Are you sure you can say 'naturally organic'? Why is the o-word different here?
If so, great!!
Joseph -- I like 'UNcertified Organic' :)
Labeling claims are the work of lawyers. As long as you can prove the claim on the label you can use it. Example on meat products you cannot use the term Choice because choice is a USDA grade. But you can say "Ranchers Choice" "Health Choice" . Now I’m no expert but I believe you can use the term "Naturally organic" because it’s in quotation marks and you can prove the claim
Hmm.. seems like a fine line if someone wants to call you on it.
There's no baggage with saying All Natural (not in quotes) or something like that, is there?

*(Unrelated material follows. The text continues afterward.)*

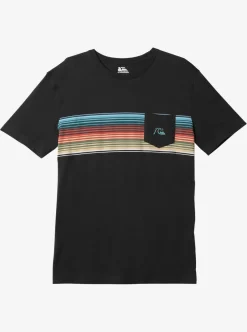 Clearance Quiksilver Swell Vision Stripe Pocket T-Shirt Tarmac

I don't know if people would take me seriously if I wrote "Naturally Organic" in quotes on my packaging. I haven't seen much of that, but maybe I just haven't noticed. Interesting idea.
When it comes to organic it self is a fine line. If you make a further processed product and use the USDA organic label. It does not mean all of the product components are all natural or organic. To me organic is a scam right up there with Angus beef just another marketing ploy, naturally organic is truthful and honest when talking about aquaponics.
I spoke with QCS (one of the certifying agencies here in Florida) a while back and recently filled the paperwork out (a tedious task). I am torn on whether it is worth it as well and still have not submitted it.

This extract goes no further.